[Chimera-users] Surfaces and transparency

Esser, Lothar (NIH/NCI) [E] esserlo at mail.nih.gov
Mon Apr 27 13:43:39 PDT 2020

Hi, Elaine, 

That's a neat trick. It only works with surfcat. 

If I do

surface #0
trans 50,s #0
No matter what I do the transparency does not change. 

But with 
Surfcat mystuff
Surface mystuff
Trans 50,s

It works as advertised.
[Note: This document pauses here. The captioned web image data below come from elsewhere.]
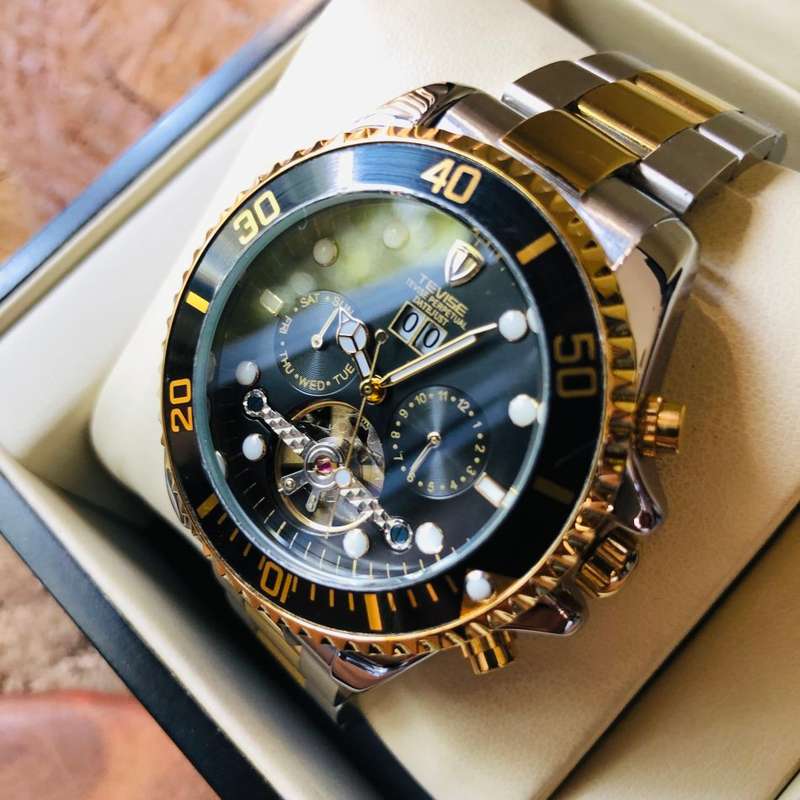 Retail: R2,599.00 TEVISE ® Men`s Perpetual FLYWHEEL Automatic Two Tone Green Watch BRAND NEW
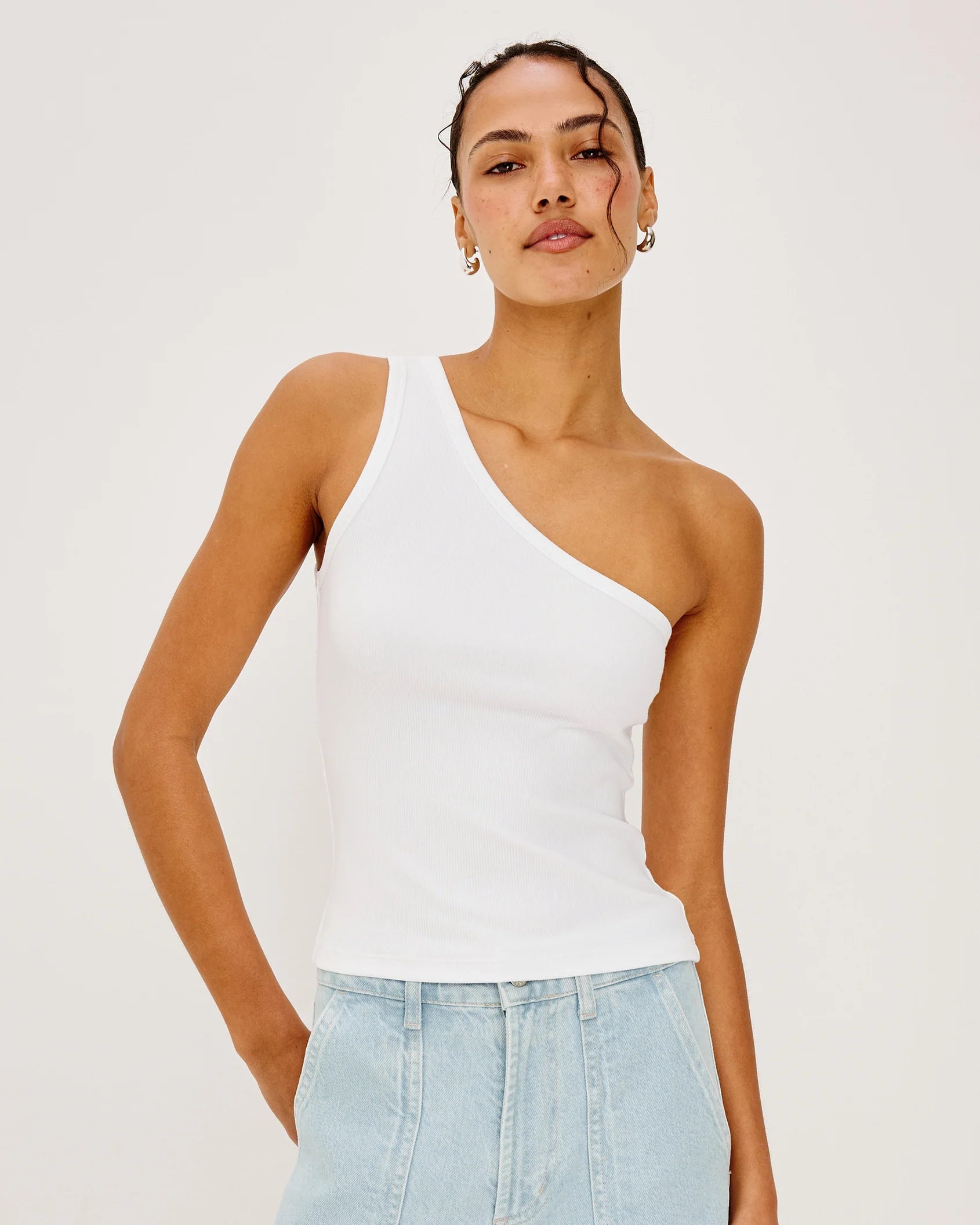 white ribbed one shoulder tank top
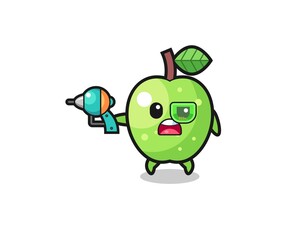 cute green apple holding a future gun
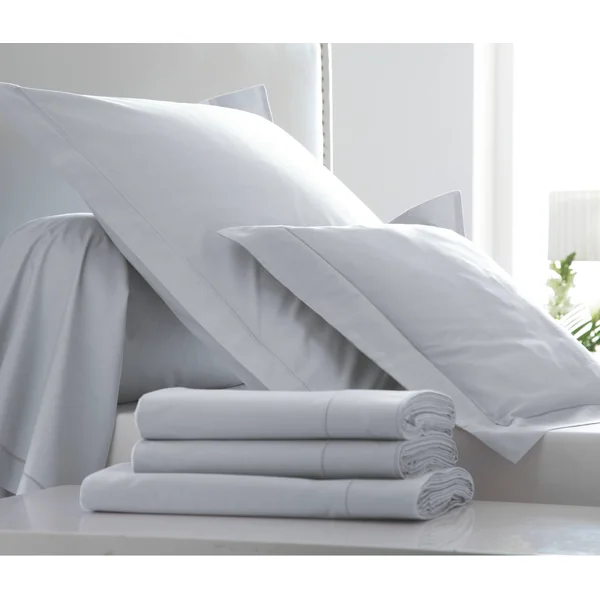 BLANC DES VOSGES Drap Percale Easy - Platine - 180 x 290 cm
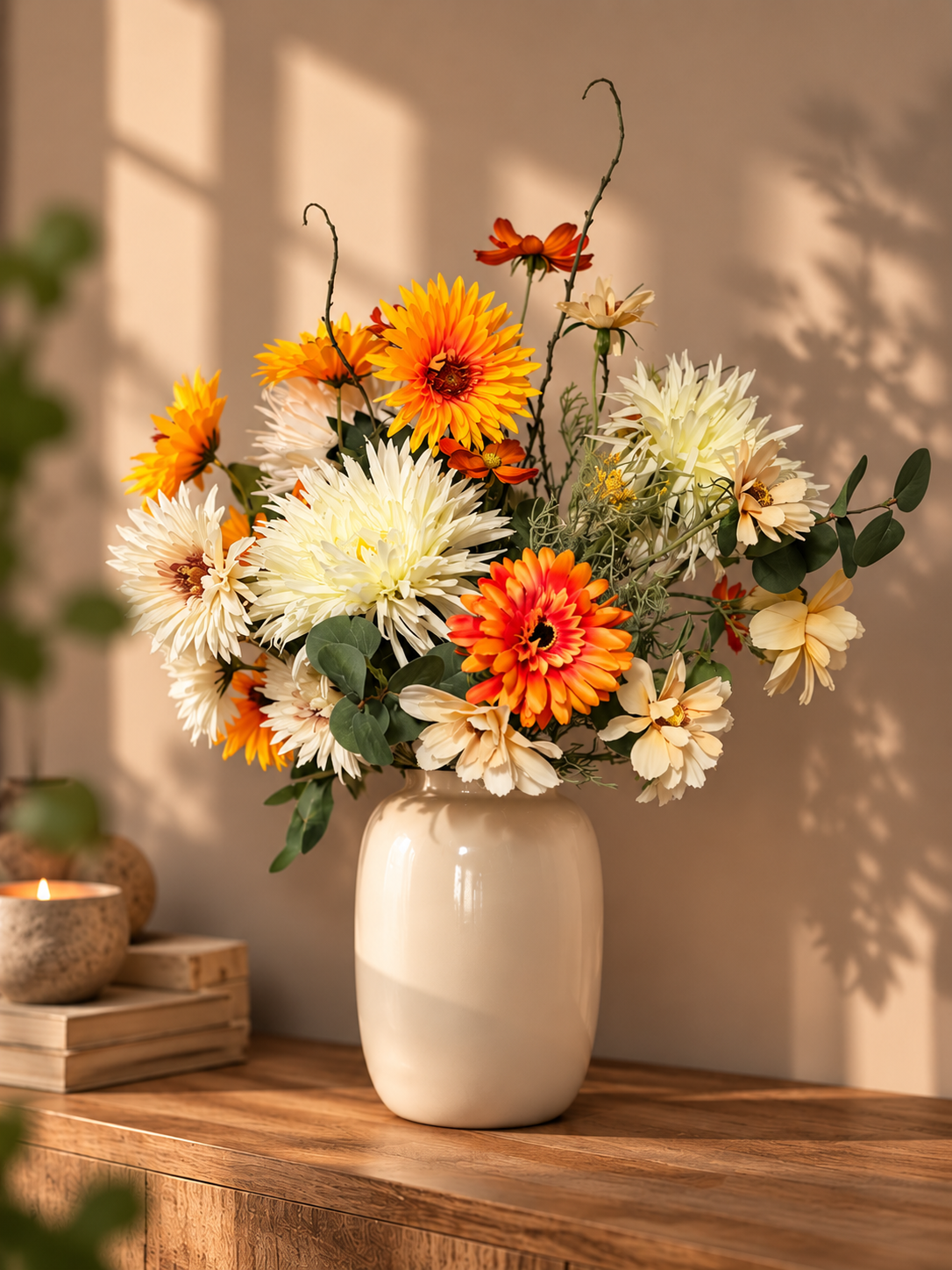 Complete titel website: Golden Meadow | Zijden Boeket incl. Vaas | Ivory | 65 cm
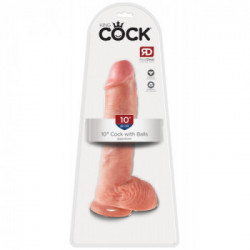 King Cock 10 Whit Balls - Dildo Realistico con Testicoli e Ventosa, Lunghezza Totale 25,4 cm, Ø 5,1 cm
Also, I noticed that in the first case with an ineffective "trans 50,s" on the command line, the menu Actions->Surface->Transparency->50% did work. 
It's only that I rarely use the menu .... partly because changes in transparency may be animated by a script. 


-----Original Message-----
From: Elaine Meng <meng at cgl.ucsf.edu> 
Sent: Monday, April 27, 2020 12:28 PM
To: Esser, Lothar (NIH/NCI) [E] <esserlo at mail.nih.gov>
Cc: chimera-users at cgl.ucsf.edu BB <chimera-users at cgl.ucsf.edu>
Subject: Re: [Chimera-users] Surfaces and transparency

Hi Lothar,
It is not related to the VDW parameters, but to automatic classification of sets of atoms and excluding them from what is (by default) enclosed in a surface.  For example, people usually don't expect their ligands, solvent, or metal ions to be lumped together with the macromolecule, so there are automatically defined groupings:

You can use "surfcat" to group the atoms any way you want, however.  E.g. commands

surfcat mystuff :adp,mg
surface mystuff

The ion is shown as "sphere" (full VDW radius) and if colored separately may show "through" the surface unless you make it smaller, and surface is "chunky" unless you increase vertex density.

repr bs :mg
surface mystuff vertexDensity 10


The transparency command works fine for the molecular surface EXCEPT when the surface  has custom coloring by vertex (electrostatic potential, for example).  For custom coloring by vertex you would have to specify the transparency at the time of coloring.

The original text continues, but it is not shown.